Thursday, April 24, 2008

Rooftop Crops Could Make Tastier, Lower Carbon Produce

FROM BLOG: MATTERNETWORK- News/ideas for a Sustainable World - Matter Network covers the technologies, products and strategies powering the shift to a sustainable economy.

Urban farming. To put it bluntly, it sounds like an oxymoron rolled inside a bad idea. Community gardens have long served as tiny oases for stressed city-dwellers, but that's more hobby than food supply. Now, two university of Wisconsin-Madison students have won the G. Steven Burrill Business Plan Competition with their cross between a farmer's market and a green roof.

The idea is to put rooftop gardens on top of grocery stores ("Oh, the produce aisle? Yeah, go out those doors, climb onto the fire escape, don't trip..."). Their proposed company, Sky Vegetables, sounds a little seedy at first, but these greenhouses wouldn't be garden variety. They would be teched-out soilless hydroponic grow rooms churning out fruits, vegetables, herbs, and flowers with no weeds, and no pots.

The Burrill Competition, held by the UW-Madison School of Business, encourages its students to develop and present a business plan and offers a $10,000 1st place prize. Winners Keith Agoada and Troy Vosseller plan for the super foods to be sold downstairs in designated sections with a live feed from the aisle to the roof, so customers can actually watch their leafy greens grow.

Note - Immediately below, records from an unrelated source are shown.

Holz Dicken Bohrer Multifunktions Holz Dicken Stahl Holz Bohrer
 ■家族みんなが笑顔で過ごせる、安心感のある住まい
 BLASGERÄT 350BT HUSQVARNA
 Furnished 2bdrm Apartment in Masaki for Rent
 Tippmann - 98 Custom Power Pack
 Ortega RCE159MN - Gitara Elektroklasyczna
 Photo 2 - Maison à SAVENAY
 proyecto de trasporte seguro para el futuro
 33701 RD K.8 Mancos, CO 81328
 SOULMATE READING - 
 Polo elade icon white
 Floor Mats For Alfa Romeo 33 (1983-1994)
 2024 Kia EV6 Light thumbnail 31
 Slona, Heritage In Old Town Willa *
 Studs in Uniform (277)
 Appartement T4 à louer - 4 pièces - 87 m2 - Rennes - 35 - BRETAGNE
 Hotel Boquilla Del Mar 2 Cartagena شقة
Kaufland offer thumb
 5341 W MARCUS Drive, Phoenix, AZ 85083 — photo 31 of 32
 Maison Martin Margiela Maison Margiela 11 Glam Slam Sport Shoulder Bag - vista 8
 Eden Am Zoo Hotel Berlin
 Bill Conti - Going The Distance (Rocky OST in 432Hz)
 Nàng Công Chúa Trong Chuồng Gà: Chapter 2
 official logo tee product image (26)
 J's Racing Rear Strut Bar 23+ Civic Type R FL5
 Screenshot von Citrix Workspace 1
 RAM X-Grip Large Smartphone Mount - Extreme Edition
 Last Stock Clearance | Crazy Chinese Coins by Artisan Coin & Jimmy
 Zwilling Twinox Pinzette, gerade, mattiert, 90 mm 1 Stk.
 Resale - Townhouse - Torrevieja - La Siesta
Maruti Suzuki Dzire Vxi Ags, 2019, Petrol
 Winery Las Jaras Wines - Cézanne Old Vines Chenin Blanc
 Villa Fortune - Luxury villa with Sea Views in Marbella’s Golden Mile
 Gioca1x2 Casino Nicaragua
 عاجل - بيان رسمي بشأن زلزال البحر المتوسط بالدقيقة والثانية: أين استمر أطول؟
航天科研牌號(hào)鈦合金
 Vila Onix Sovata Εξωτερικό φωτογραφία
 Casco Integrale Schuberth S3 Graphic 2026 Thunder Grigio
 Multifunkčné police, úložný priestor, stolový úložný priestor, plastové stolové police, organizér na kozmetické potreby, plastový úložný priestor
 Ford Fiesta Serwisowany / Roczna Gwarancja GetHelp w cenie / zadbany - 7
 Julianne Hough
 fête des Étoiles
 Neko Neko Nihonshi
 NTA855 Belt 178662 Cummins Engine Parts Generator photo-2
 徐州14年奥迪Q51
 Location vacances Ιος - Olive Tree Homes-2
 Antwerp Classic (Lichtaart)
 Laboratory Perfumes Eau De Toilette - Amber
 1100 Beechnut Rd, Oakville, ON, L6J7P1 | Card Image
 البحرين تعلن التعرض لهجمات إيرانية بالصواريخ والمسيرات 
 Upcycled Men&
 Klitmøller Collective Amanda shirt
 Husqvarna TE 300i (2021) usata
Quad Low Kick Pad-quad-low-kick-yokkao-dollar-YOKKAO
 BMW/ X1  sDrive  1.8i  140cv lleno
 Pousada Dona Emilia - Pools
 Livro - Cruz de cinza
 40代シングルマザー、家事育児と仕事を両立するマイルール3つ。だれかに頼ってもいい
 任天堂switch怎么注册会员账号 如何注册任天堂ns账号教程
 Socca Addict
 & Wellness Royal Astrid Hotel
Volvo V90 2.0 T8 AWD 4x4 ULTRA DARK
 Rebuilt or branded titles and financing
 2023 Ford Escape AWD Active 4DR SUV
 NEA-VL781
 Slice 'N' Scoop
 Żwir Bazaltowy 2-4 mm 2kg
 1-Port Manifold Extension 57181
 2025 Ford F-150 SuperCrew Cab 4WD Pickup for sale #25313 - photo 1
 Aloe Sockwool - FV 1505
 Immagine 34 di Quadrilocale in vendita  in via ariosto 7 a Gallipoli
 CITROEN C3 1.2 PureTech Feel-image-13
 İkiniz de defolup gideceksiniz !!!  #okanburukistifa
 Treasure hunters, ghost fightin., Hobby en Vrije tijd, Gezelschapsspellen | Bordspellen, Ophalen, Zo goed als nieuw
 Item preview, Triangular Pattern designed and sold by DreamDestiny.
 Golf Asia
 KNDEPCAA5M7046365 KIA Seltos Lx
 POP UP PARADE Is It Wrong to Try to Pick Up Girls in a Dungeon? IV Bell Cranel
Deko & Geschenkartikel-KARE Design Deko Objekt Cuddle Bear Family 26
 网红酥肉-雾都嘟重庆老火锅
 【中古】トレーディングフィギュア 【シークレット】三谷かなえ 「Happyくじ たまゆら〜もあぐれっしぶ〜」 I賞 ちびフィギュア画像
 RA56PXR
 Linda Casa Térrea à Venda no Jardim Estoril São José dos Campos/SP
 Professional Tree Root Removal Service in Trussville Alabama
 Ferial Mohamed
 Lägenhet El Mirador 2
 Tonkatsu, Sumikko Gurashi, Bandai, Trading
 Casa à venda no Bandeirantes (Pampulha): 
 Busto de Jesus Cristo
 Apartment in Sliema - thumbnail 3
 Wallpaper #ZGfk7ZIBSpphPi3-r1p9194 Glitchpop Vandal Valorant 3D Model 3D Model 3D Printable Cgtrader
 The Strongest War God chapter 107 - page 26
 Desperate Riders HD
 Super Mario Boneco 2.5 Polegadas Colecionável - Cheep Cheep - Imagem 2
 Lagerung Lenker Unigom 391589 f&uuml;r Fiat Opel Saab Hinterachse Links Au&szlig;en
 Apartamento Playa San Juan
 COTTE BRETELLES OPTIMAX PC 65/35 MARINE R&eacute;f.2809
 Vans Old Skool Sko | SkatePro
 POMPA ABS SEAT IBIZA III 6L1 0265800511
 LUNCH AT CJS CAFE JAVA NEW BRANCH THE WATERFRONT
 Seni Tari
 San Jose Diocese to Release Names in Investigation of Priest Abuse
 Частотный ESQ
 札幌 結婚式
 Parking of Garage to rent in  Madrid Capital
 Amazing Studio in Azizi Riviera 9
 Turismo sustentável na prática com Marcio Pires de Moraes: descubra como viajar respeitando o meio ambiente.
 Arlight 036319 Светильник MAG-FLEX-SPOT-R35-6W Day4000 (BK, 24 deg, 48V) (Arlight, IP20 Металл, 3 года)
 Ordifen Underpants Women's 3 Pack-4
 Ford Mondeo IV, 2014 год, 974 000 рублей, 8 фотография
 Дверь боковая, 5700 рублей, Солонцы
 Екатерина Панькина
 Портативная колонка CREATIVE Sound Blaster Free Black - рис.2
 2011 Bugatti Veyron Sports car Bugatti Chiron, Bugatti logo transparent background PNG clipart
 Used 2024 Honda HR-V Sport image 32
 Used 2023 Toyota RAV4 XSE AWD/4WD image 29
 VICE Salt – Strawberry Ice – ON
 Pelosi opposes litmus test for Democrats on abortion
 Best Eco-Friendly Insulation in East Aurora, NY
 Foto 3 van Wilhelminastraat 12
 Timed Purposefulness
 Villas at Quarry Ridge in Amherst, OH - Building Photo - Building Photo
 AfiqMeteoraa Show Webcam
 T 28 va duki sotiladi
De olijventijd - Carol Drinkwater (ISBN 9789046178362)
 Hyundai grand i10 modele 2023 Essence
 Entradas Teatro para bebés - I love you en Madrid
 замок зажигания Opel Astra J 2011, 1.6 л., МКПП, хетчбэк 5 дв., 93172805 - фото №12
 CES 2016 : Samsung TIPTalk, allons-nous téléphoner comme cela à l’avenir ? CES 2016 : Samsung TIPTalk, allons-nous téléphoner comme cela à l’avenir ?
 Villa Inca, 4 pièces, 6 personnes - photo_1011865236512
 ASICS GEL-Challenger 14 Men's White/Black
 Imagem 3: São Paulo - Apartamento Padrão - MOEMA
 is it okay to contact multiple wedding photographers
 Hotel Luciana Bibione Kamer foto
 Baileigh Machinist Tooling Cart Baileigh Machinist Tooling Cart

They say that using hydroponics means that the system can produce 5-15 times the yield with 10% of the water usage. The fake n' bake greenhouses also mean that the grower can ignore outside weather conditions.

Agoada and Vosseller say that the average travel distance for produce is 2000 miles. Besides transportation costs, this causes fruits and vegetables to be picked prematurely, resulting in a less nutritious and tasty product. The greenhouses make use of rooftop space ordinarily reserved for tar storage and keep the garden freshies close to market, avoiding the carbon emissions of normal food transportation.

The pair is pushing their hydroponic hopes on the Sky Vegetables website, where they blog about rooftop gardening projects the world over. With stories of chronic food shortages and high grain prices hitting the newspapers, maybe it's not such a foggy idea after all.